The beginning of Reeves’ decision is one gut-punch after another. “Clarence Jamison wasn’t jaywalking. He wasn’t playing outside with a toy gun. He didn’t look like a ‘suspicious person.’ He wasn’t suspected of ‘selling loose, untaxed cigarettes.’ He wasn’t suspected of passing a counterfeit $20 bill.” Each of these lines is footnoted with the case of one or more Black men or boys killed by police under the named circumstances. “No,” Reeves concludes that section, “Clarence Jamison was a Black man driving a Mercedes convertible.” Outrage pours out of every line from the judge forced to make an unjust decision. “Let us not be fooled by legal jargon,” Reeves wrote. “Immunity is not exoneration. And the harm in this case to one man sheds light on the harm done to the nation by this manufactured doctrine.”

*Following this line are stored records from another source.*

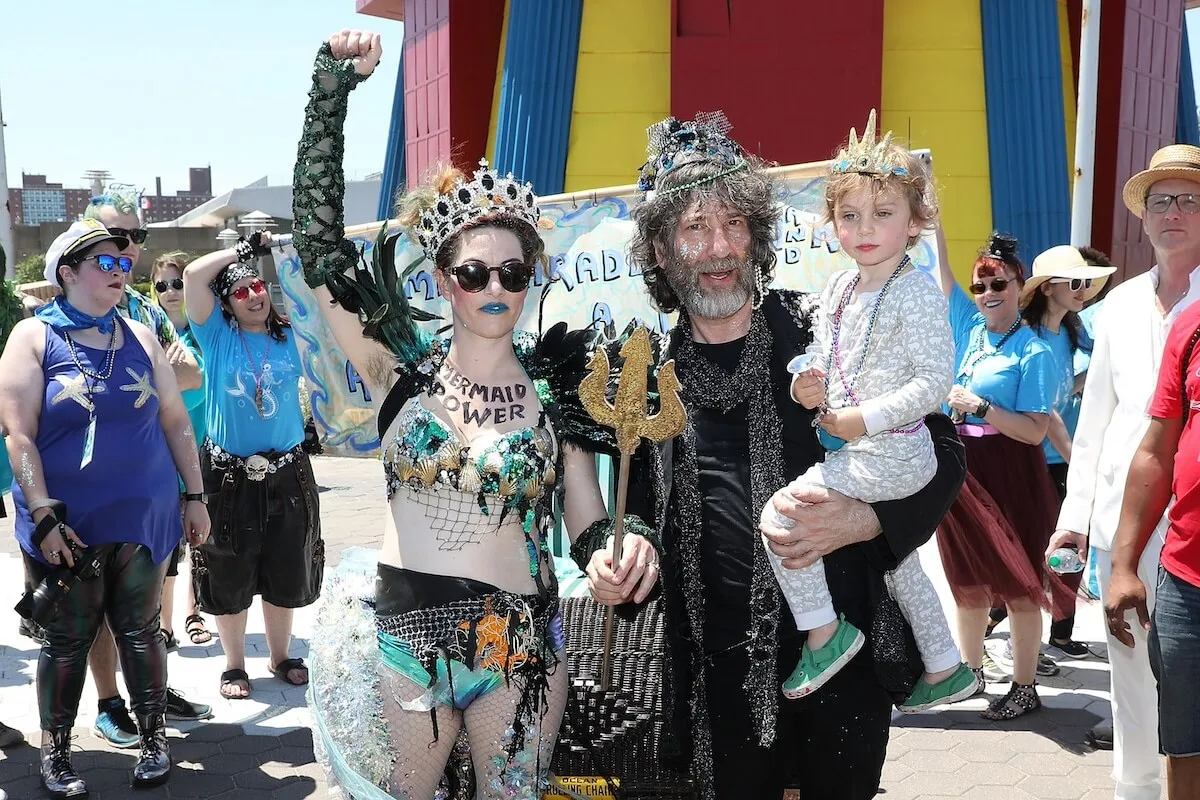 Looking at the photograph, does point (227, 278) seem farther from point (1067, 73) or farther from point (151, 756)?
point (1067, 73)

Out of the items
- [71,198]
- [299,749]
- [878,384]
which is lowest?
[299,749]

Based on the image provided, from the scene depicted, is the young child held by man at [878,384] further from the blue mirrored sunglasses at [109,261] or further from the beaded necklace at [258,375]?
the beaded necklace at [258,375]

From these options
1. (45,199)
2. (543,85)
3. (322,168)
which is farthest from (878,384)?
(45,199)

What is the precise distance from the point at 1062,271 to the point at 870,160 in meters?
2.88

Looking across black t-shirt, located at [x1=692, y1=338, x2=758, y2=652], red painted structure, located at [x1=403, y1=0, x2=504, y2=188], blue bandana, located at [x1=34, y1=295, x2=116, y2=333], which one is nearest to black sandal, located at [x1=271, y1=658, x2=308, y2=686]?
blue bandana, located at [x1=34, y1=295, x2=116, y2=333]

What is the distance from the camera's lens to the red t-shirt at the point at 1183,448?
2.76 m

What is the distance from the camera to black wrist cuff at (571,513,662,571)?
8.06ft

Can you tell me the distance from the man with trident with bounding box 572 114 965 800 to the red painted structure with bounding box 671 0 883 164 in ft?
23.4

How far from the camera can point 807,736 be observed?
2.57 m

Officer Nick McClendon gets qualified immunity for pulling Clarence Jamison over and keeping him at the side of the road for 110 minutes of “an armed police officer badgering him, pressuring him, lying to him, and then searching his car top-to-bottom for drugs.” For no reason other than that Jamison was a Black man in a Mercedes. But “This Court is required to apply the law as stated by the Supreme Court.” And that means McClendon evades accountability and Jamison doesn’t get justice.
McClendon claimed he stopped Jamison because the temporary tag on Jamison’s car “was folded over to where [he] couldn’t see it.” Jamison provided full paperwork on himself and the car including a bill of sale. McClendon ran Jamison’s information through multiple databases. Jamison came up clear in the first. But instead of letting him go, and before hearing from the second check, McClendon pressured Jamison to allow him to search the car, including by lying about a non-existent phone call alleging there were 10 kilos of cocaine in the car. After McClendon repeatedly lied to and pressured Jamison, he finally—under duress—agreed to the search.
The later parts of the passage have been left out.